Save The Elephants: Gabon President Ignites Huge Bonfire Of Illicit Ivory

Worldcrunch

LE MONDE (France), NATIONAL GEOGRAPHIC

GABON - Authorities in Gabon burned more than 4.5 tons of illegal ivory this week after the Convention on International Trade in Endangered Species released a report showing that elephant poaching has reached a record high in the past few years.

The year 2011 saw the highest recorded levels of elephant killings since the ivory trade was banned in 1989, according to National Geographic. Some 24.3 tons of ivory were intercepted last year, with most of it destined for China and Thailand, where demand and prices are rising.

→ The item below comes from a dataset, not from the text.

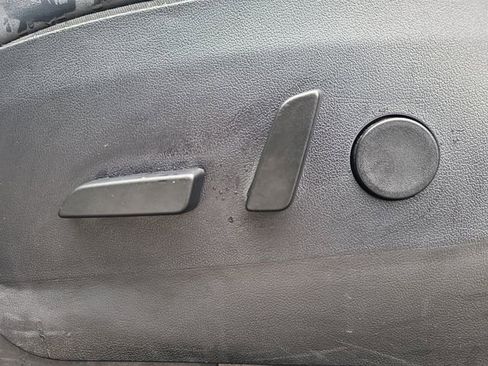 Used 2020 Tesla Model Y Long Range image 23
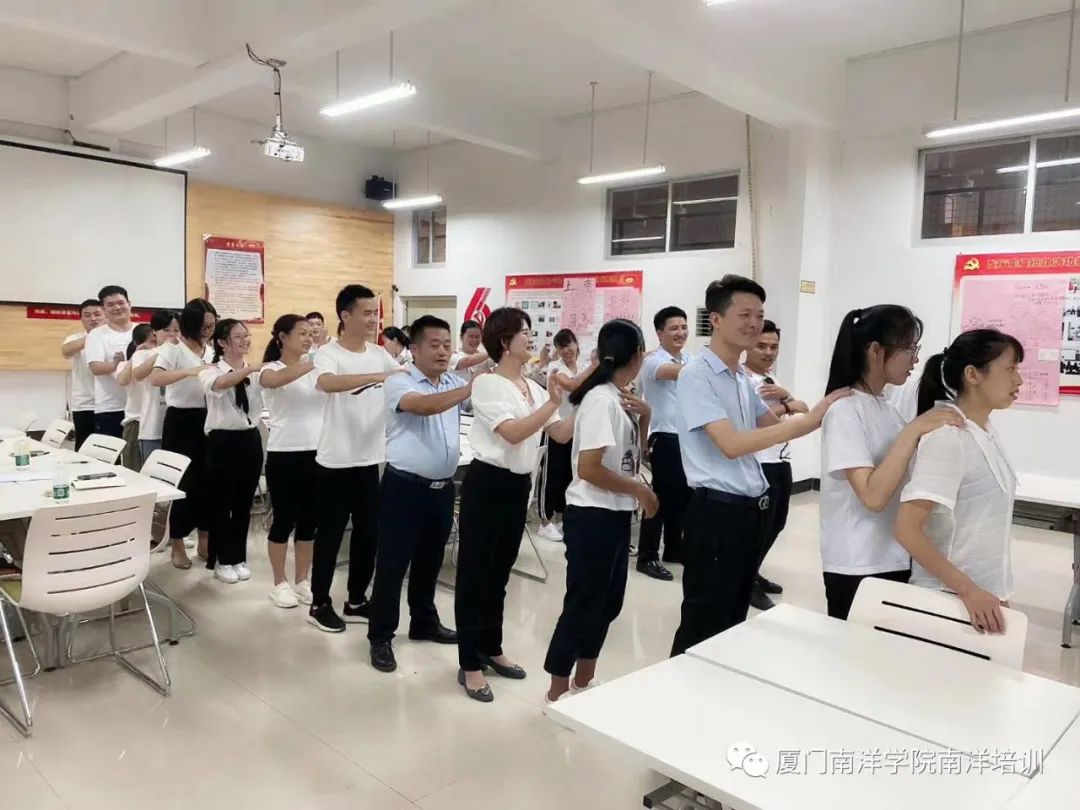 厦门南洋学院受邀为厦门众博诚人力资源服务有限公司进行礼仪培训(图5) 职场妆容培训内容_职场培训内容_职场妆容禁忌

Le Monde reports that more than 1,200 raw pieces and 17,000 sculpted pieces of ivory were burned in the bonfire personally lit by Gabonese president Ali Bongo Ondimba on Wednesday, as a gesture to show support for protecting elephants.

The total value of the burned ivory topped 7.6 million euros, and the World Wildlife Fund, which was present at the event, estimated that this represented almost 850 elephants killed.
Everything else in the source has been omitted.